What’s a Mother to Do?
by Ann Edwards Cannon
[p.46]I used to be the mother of a turtle. Of course we didn’t know when he was born that he was a turtle. Unlike Stuart Little’s parents who knew immediately that they had a mouse for a son, we assumed with his red face and breath of hair he was simply another splendid boy baby like his brothers before him, so we gave him a good Welsh name in honor of his maternal ancestors.
He answered to it for awhile, too, but when he turned three, we learned that we had been mistaken about who he really was. He shared his true turtle identity with us then, and told us his name was Donatello although we, because he loved us, could call him Don for short.
Don used to wear green pajamas and headbands long after his brothers had put on their jeans and gone to school. Sometimes he wore a huge white shirt over his pajamas, but only if he were taking karate lessons from Splinter that day. Frankly, I never got a very good look at Splinter, although he was a frequent guest in our home. Don assured me, however, that Splinter was right there in front of me, so I tried to be polite even though, to tell you the truth, I felt like I was talking to the air.
Don and Splinter used to go outside on the front lawn when the weather was fine and practice their kicks. I stood at the window and watched. Don liked the flying kicks best. He’d run, his bright hair flapping about his ears, then leap into the air and boot his leg out hard as he could. No doubt Splinter’s kicks were high and deadly, too, although I really can’t say for sure.

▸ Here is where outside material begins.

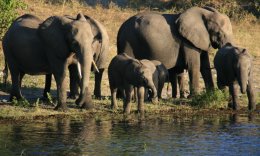 Herd of Elephants along the Chobe River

Don specialized in machines. He took an ordinary boy’s bed with a Mickey Mouse comforter, for example, and turned it into the Turtle Blimp just like that, a flying machine capable of cruising at unusually high altitudes thereby allowing Don to elude the bad guys who sometimes slipped into our house when no one was watching.
Don could also take ordinary household items and turn them into Turtle-Coms whenever he needed to get in touch with some- [p.47]body fast. Many was the time I saw Don talking intently into a shoe that he had transformed into a communicator thanks to his mechanical magic.
Occasionally it was a little embarrassing to have a turtle for a son. Don didn’t like to leave home without his weapon, which meant we went everywhere—the neighbor’s, the store, the library—with a plastic baseball bat, i.e. “bow,” stuffed down the back of his shirt. Once Don even took his weapon to church, although I didn’t realize it until an older woman in the congregation nervously pointed it out to me. Frankly, I don’t know why she was so surprised. After all our family did accidentally take a dog to church once which seems a lot weirder to me than taking a baseball bat, although I’m sure something like that depends on your perspective.
I’ve been thinking about Don quite a bit because of a memory I had this morning when I stepped onto the porch and felt a flash of fall. We had a dog when I was a kid, an elkhound, who used to perk to life again when the cool weather set in. She’d run outside first thing each morning to sniff the air, her bushy tail looped over her back like a question mark. The colder it got, the more she quivered with excitement. When the snow finally flew, that dog went completely crazy. She’d charge outside where she’d leap and roll and throw snow with her snout.
For years I observed her giddy routine and didn’t think much about it except to laugh as I left for school. Now that she’s gone, however, along with that part of my life, I find the memory of it both sad and sweet and full of unexpected force.
Don left us so gradually that I hardly noticed until the day I saw a leggy six-year-old with a gap-toothed grin sitting at Don’s place across from me at the dinner table. His name is Dylan, and he likes baseball.
My life is an accumulation of small events, most of them supremely ordinary—chopping onions for dinner, saying hello to the mailman, combing a child’s hair, stooping over to pick up the morning paper, dialing the number of a neighbor, half-listening to my wind chimes, sharpening pencils, gossiping at work, over-eating on Sunday, feeding a cat, pulling a weed, picking up clothes, watching the news at ten, stepping onto my porch first thing in the morning when the air is still new and full of birds. I wonder which of all these events [p.48]will come back to me as memory, like that of my dog lost in silliness or of Don leaping straight into the air?
And which of them, I wonder, like the brief sight of violets in the spring, will take my heart in the passing?